━━━━━ Source information
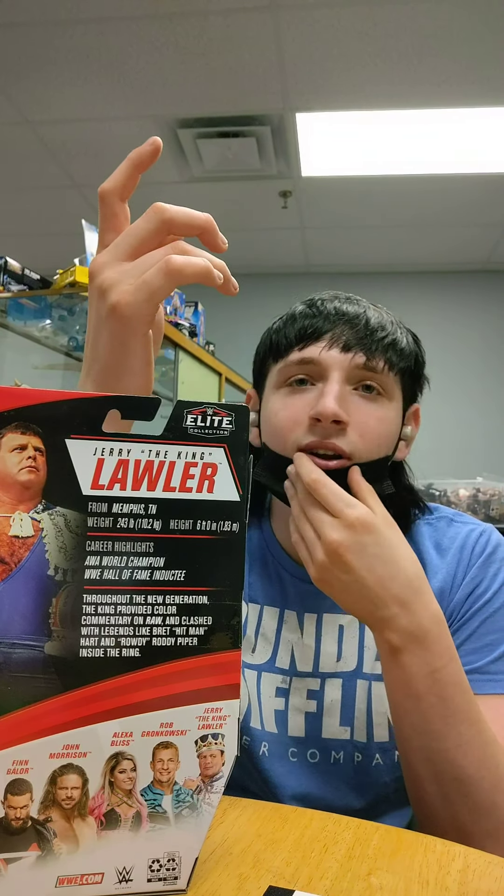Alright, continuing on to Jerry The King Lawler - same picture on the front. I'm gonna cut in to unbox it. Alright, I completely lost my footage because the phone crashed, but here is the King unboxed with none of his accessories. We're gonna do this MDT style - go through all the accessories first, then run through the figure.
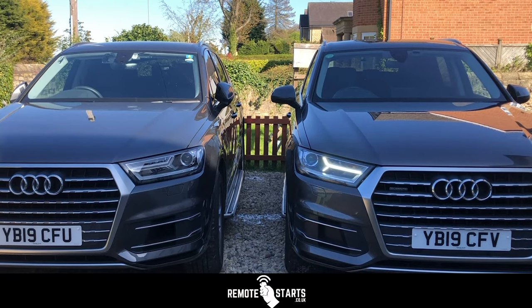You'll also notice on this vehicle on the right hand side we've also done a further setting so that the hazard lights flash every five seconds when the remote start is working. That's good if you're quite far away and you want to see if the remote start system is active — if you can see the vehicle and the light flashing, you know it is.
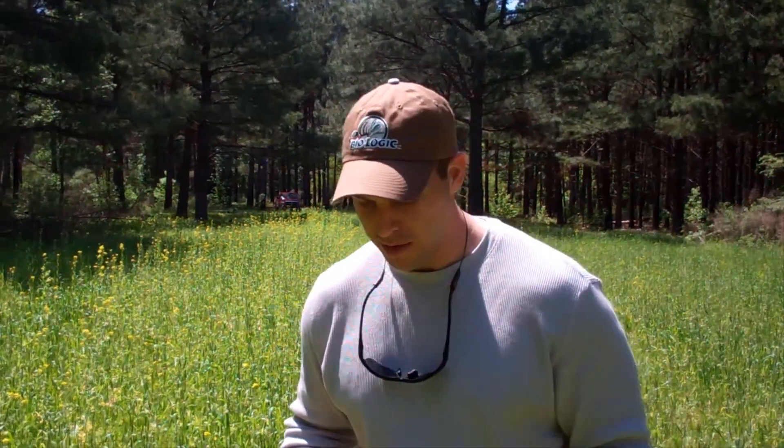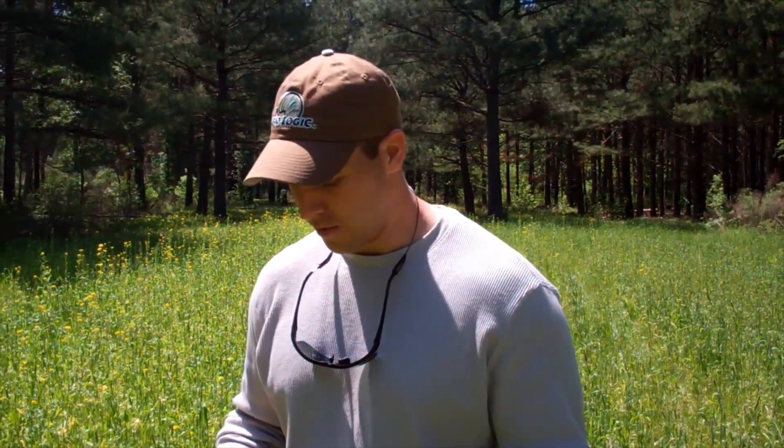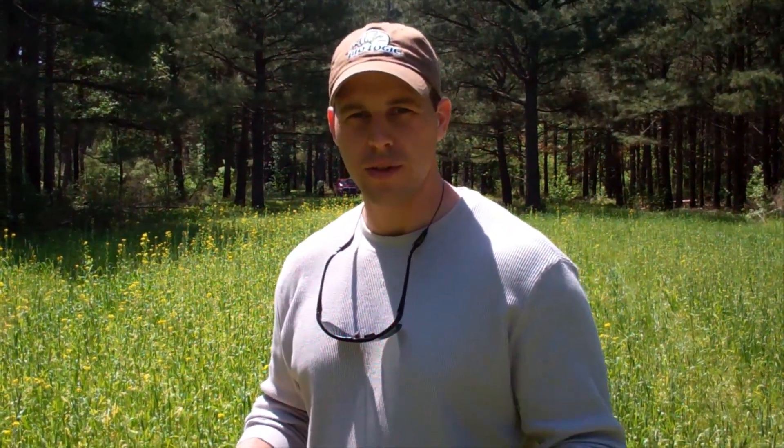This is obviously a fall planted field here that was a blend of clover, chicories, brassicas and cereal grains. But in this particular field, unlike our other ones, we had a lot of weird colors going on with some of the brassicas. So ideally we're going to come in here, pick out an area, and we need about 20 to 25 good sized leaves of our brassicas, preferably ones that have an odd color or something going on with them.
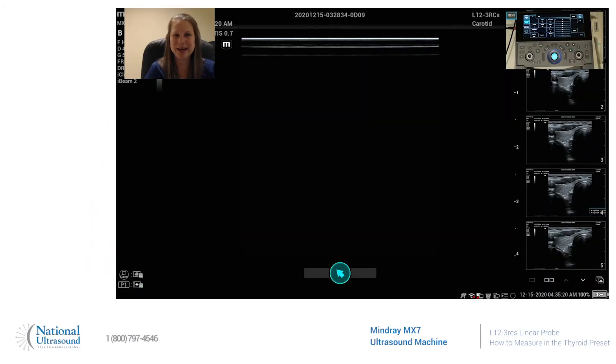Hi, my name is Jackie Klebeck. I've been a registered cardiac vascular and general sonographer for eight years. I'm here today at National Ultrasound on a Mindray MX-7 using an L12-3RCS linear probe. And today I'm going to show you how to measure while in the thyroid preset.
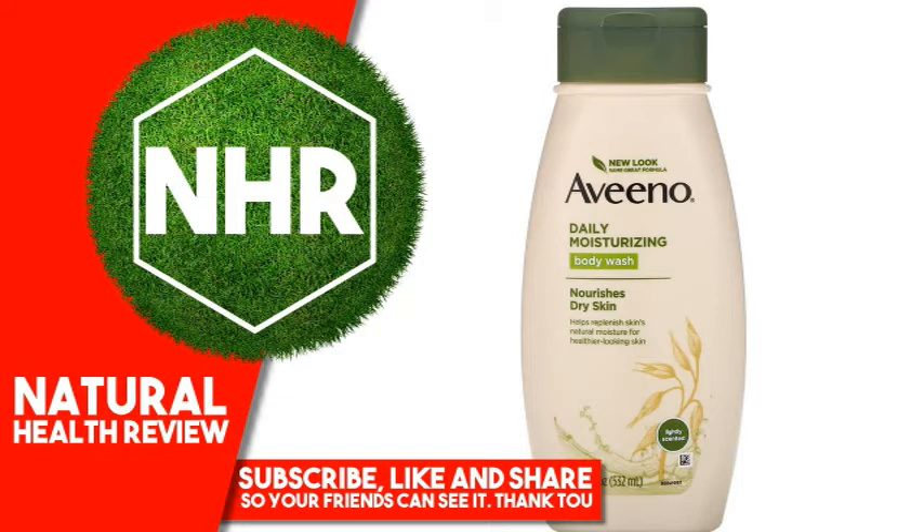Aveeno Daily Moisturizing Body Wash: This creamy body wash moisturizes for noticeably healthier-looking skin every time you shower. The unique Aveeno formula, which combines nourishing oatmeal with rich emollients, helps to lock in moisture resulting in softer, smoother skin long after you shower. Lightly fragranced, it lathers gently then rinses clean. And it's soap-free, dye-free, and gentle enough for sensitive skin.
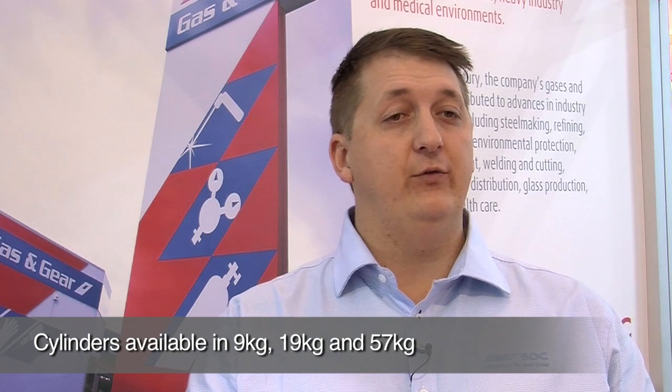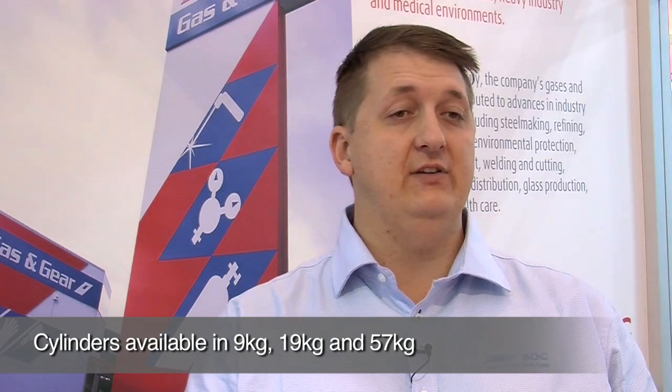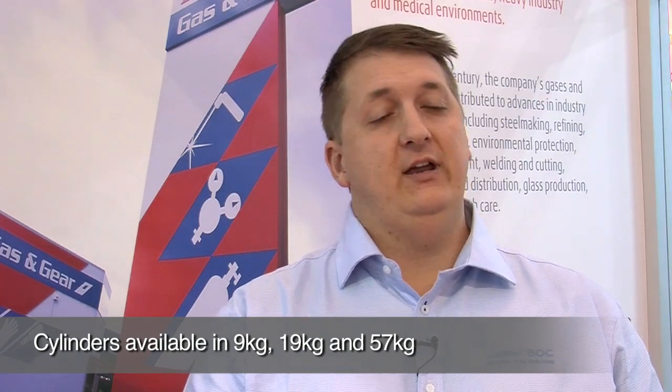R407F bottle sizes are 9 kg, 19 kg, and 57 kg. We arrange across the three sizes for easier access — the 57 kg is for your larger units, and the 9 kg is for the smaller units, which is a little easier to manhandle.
━━━━━━━━━━
An exact copy is needed of every line from the line containing "Aveeno Daily Moisturizing" to the last line of the records; pictures stay out of it.

Aveeno Daily Moisturizing Body Wash: This creamy body wash moisturizes for noticeably healthier-looking skin every time you shower. The unique Aveeno formula, which combines nourishing oatmeal with rich emollients, helps to lock in moisture resulting in softer, smoother skin long after you shower. Lightly fragranced, it lathers gently then rinses clean. And it's soap-free, dye-free, and gentle enough for sensitive skin.
R407F bottle sizes are 9 kg, 19 kg, and 57 kg. We arrange across the three sizes for easier access — the 57 kg is for your larger units, and the 9 kg is for the smaller units, which is a little easier to manhandle.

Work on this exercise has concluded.